The International profile of the GAA is to get a new boost with agreements which will see hurling and football teams travelling to Scotland and Australia respectively.
The winners of this weekend's Railway Cup hurling competition are already booked to travel to Oban in the Western Highlands of Scotland to represent Ireland in a shinty-hurling international tomorrow week, while top-level talks between Croke Park officials and their counterparts from the Australian Rules game have taken place in Dublin and a tour to Australia may go ahead in the next two years. The series of international fixtures between Scottish shinty and Irish hurling teams were dropped in 1988, but contacts have been re-established and three teams will travel to Oban to face local opposition at under-12, under-21 and senior level. The winners of the Railway Cup final, which takes place in Ballinasloe on Sunday, will represent Ireland at senior level. The rules of the game have been changed recently, and the Scots have won the last two matches. They came out on top in the last game by 3-8 to 0-10. There have been several attempts to establish regular meetings between Ireland and Scotland dating back to the Tailteann Games in 1928. In more recent times some of the best-known players in the country, including D J Carey from Kilkenny, Jamesie O'Connor from Clare, Larry O'Gorman from Wexford, Limerick's Gary Kirby and Cork's Brian Corcoran, have taken part.

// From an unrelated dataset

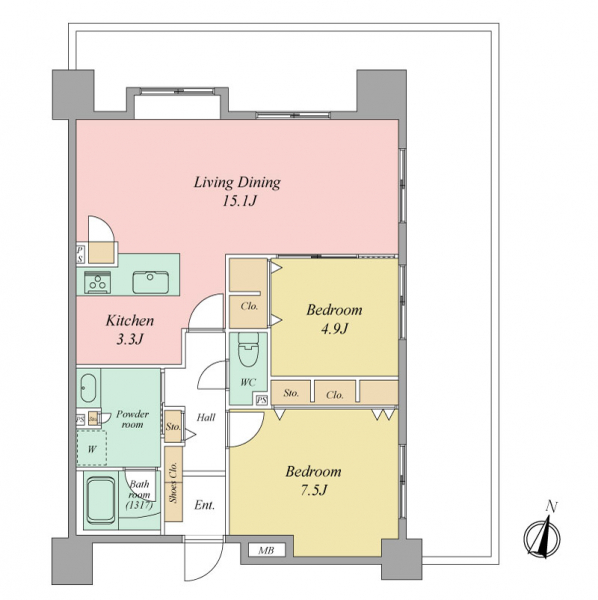 アンピール舞鶴の間取図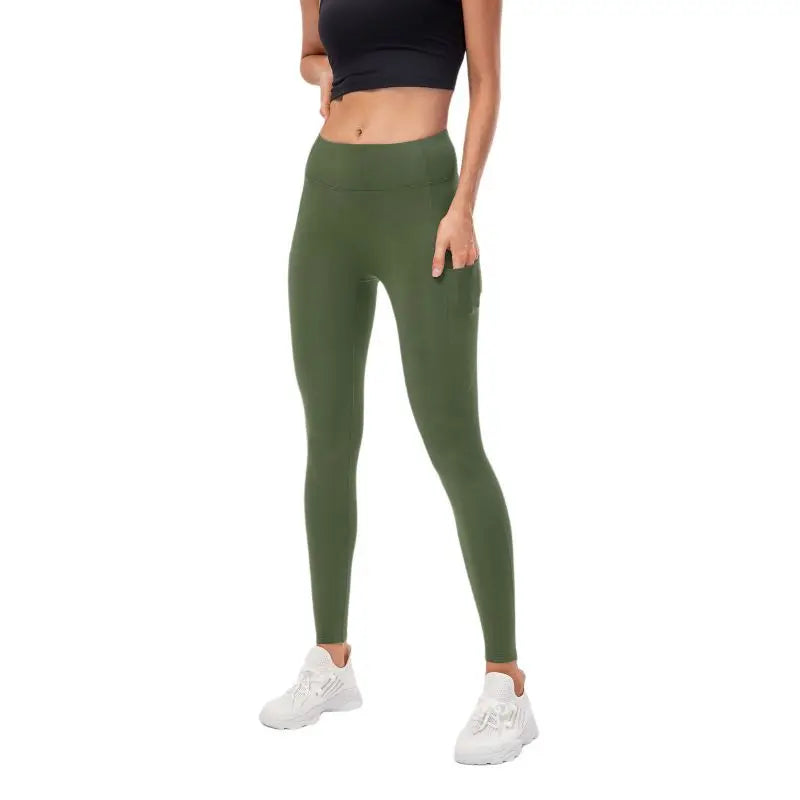 Women Autumn Winter High Waist Warm Sport Trousers Tight-Fitting Training Yoga Fitness Pants With Pocket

The reaction of the players has always been positive, and recent extensive coverage of the big hurling matches on television in Scotland has done a lot to revive interest, with the result that a big party of hurlers will travel to Oban. On the football front, a Croke Park source has confirmed that a small delegation from the Australian Football League visited Dublin within the past fortnight to reopen negotiations about a revival of the Composite Rules series which ended in 1990. The delegation was led by the AFL's general manager Ian Collins, and its marketing manager, Grant Burgess. At the moment it is thought that it might take from 18 months to two years to organise a tour which would probably be at GAA minor level initially, followed by a full senior tour in the year 2000, with a return trip to Ireland by the Australians the following year.
The widespread televising of top Gaelic matches in Australia has apparently generated interest there. In addition, the amalgamation of the two controlling bodies - Australian Football League and the National Football League - into one body, called the AFL, has helped. The AFL and the GAA have agreed that a revival of the series is a distinct possibility, and both have agreed to consider approaching potential sponsors with a view to putting a package together. On the last occasion that Ireland played in Australia the team was managed by Eugene McGee, the former Offaly manager. The captain on that occasion was Meath's Robbie O'Malley and the team featured players such as Keith Barr, Paul Curran and Tommy Carr from Dublin, Val Daly from Galway, Kevin O'Brien from Wicklow, James McCartan from Down and Bernard Flynn from Meath.
Although the series was abandoned because of an apparent lack of commitment by the Australians, the administrators from both sides have remained in contact and hopes are now rising that, with a greater understanding between the Australian Rules administrators themselves and a greater appreciation about what the rules of the compromise game should be, a revival is a distinct possibility.